2013-01-24

Gottesbild

Glauben — als personaler Akt des Fürwahrhaltens und nicht als Gegenstand einer Katechese — ist immer ein bewusstes, mehr oder weniger elaboriertes Interpretieren einer hinreichend tief erlebten Beziehung, sei es, dass sie von außen, etwa von einer Offenbarung, gestiftet ist, sei es, dass sie einem Seelenbedürfnis entspringt. Dem, worauf es sich bezieht, fügt dieses Ausdeuten immer etwas, nämlich Eigenes, hinzu, wie es von dem, worauf es sich bezieht, auch einiges unterdrückt. Das galt gewisslich auch für Abraham und Mose und die Hirten auf dem Feld bei Bethlehem und jeden einzelnen Jünger Jesu und jeden einzelnen Kirchenvater und für Mohammed und für Meister Eckhart und für die große und die kleine Thérèse sowie für jeden Häretiker und für jeden Inquisitor, wie es auch für Hinz und für Kunz, für dich und für mich gilt. Die Annahme, es gebe Unterschiede, was die Nähe des je Fürwahrgehaltenen zur Wahrheit betrifft, erachte ich nicht ganz für abwegig; wohl aber halte ich es für intellektuell unzulässig, in dieser Frage dezidierte Urteile zu fällen.
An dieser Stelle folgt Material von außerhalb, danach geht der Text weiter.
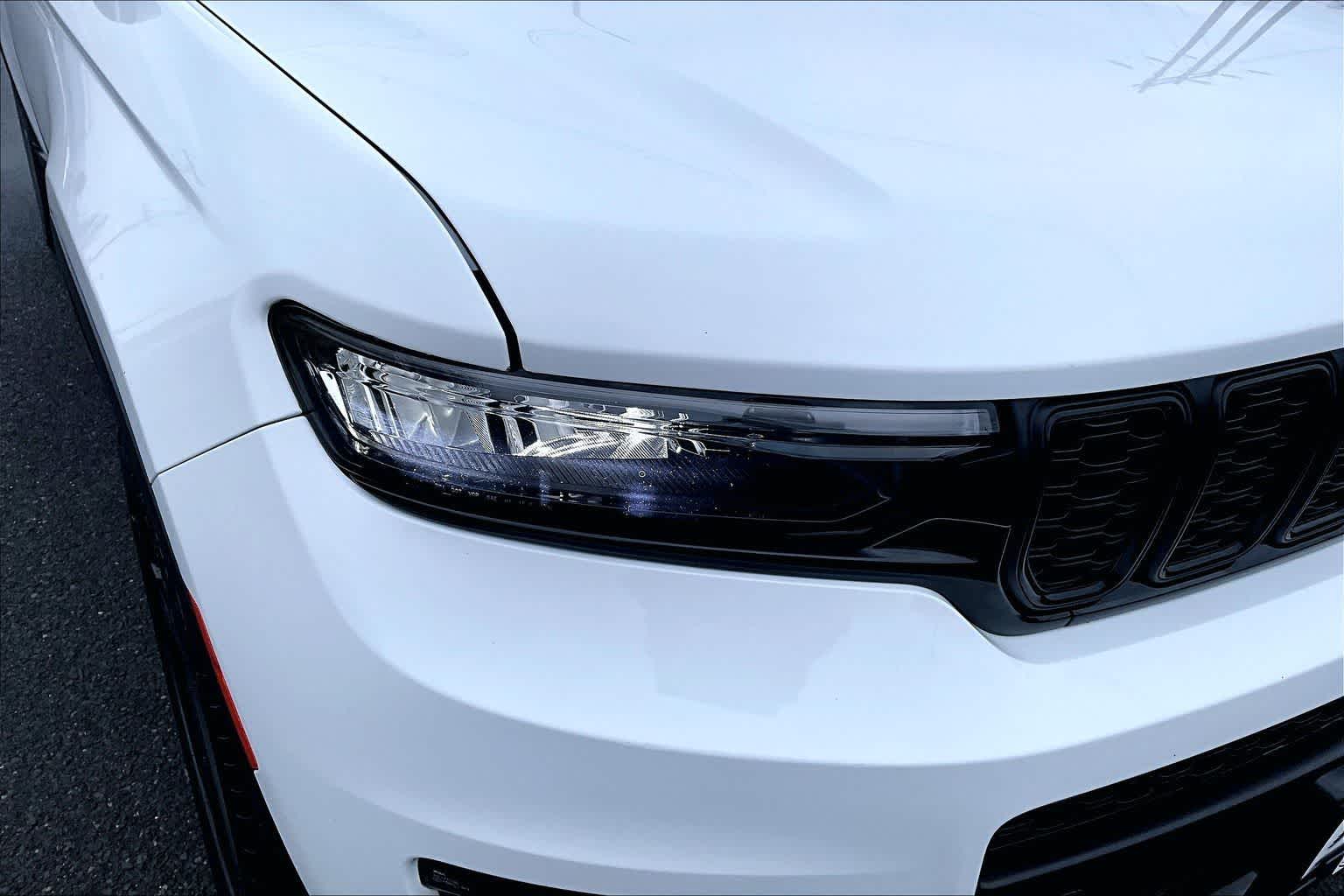 Thumbnail: 2023 Jeep Grand Cherokee L - 30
Vor diesem Hintergrund erscheinen mir alle ausgeklügelten Systeme dessen, was zu glauben sei, wie ein müßiges gedankliches Spiel mit der Wahrheit und deren Surrogaten. Alle Theologien, die sich über ihren Dienst als Poetik (nämlich als Beschreibung, Hermeneutik und Kritik vorhandener Bilder) erheben und aus sich heraus das Göttliche und den göttlichen Willen und Gottes Wirken definieren und erklären, halte ich für anmaßend und sind für mich unmaßgeblich.

Sofern in meiner Beziehung zu Gott Anschauung und Begriff involviert sind, weiß ich um die Unbeholfenheit, das Vorläufige, die Hilfsfunktion dieser Bilder. Ich hüte mich davor, diese Anschauungen und Begriffe an die Stelle Gottes zu setzen; denn ich glaube, dass er mir dann aus dem Sinn käme.